Government/Reservations In 1984, 234 reserves (approximately 25,000 hectares) were connected with 52 Canadian Coast Salish groups. Most Mainland Comox people lived on the Sliammon Indian Reserve. The Sechelt Indian Band Self-governing Act (1986) provided them with municipal constitutional and legislative powers. See profiles of selected bands under "Daily Life."

Economy The people currently engage in various activities. See profiles of selected bands under "Daily Life" for details.

Legal Status Bands listed under "Daily Life" are all federally and provincially recognized.

Daily Life Mainland Comox is still viable and spoken by about one-third of the population. See the following profiles of selected bands for further detail.

Selected Northern Coast Salish Bands in British Columbia (statistics are as of 1995):

Comox Band controls four reserves on 285 hectares of land on the east coast of Vancouver Island.
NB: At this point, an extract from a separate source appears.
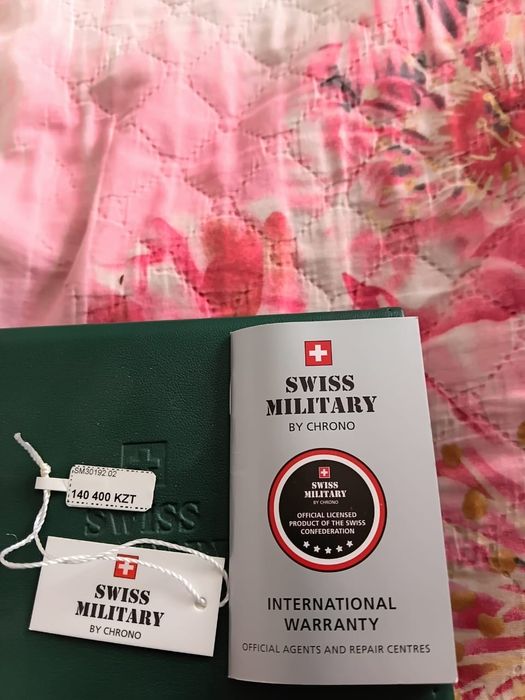 Часы новые наручные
The reserves were allotted in 1877. The population is 243, of whom 103 people live on the reserves. Elections are held under the provisions of the Indian Act. The band is affiliated with the Kwakiutl District Council. Children attend provincial schools. Important economic activities and resources include fishing, logging, and tourism. Facilities include a recreation building, a longhouse, and offices.
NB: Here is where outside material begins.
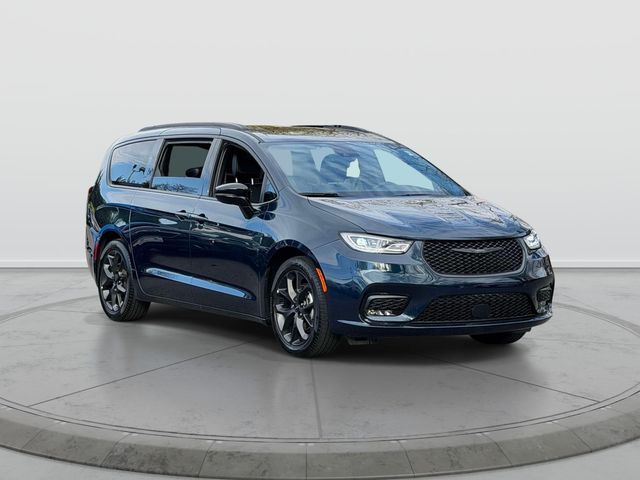 2025 Chrysler Pacifica Limited's photo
Homalco Band controls 11 reserves on 624 hectares of land near Calm Channel. The population is 346, of whom 130 people live on the reserves. Elections are held by custom. The band is affiliated with the Alliance Tribal Council. Children attend provincial schools. Important economic resources include a fish hatchery. Facilities include a recreation building and offices.

Klahoose Band controls ten reserves on 1,357 hectares of land on Cortes Island. The population is 242, of whom 45 people live in 16 houses on the reserves. Elections are held under the provisions of the Indian Act. The band is affiliated with the Alliance Tribal Council. Children attend provincial schools. Important economic activities include forestry and shell fishing. Facilities include a community center, a church, and offices.

Qualicum Band controls one 77-hectare reserve on the southeast coast of Vancouver Island. The reserve was allotted in 1876. The population is 91, of whom 50 people live in 16 houses on the reserves. Elections are held under the provisions of the Indian Act. The band is unaffiliated. Children attend provincial schools. Important economic resources include a fish hatchery and a campsite/store. Facilities include a sports field and offices.

Sechelt Band controls 33 reserves on more than 1,000 hectares of land 50 kilometers north of Vancouver. The population is 910, of whom 477 people live on the reserves. Elections are held under the provisions of their own constitution. The band is unaffiliated. Economic plans include a marina/hotel complex, a condominium complex, small businesses, and a fish hatchery. Facilities include a preschool.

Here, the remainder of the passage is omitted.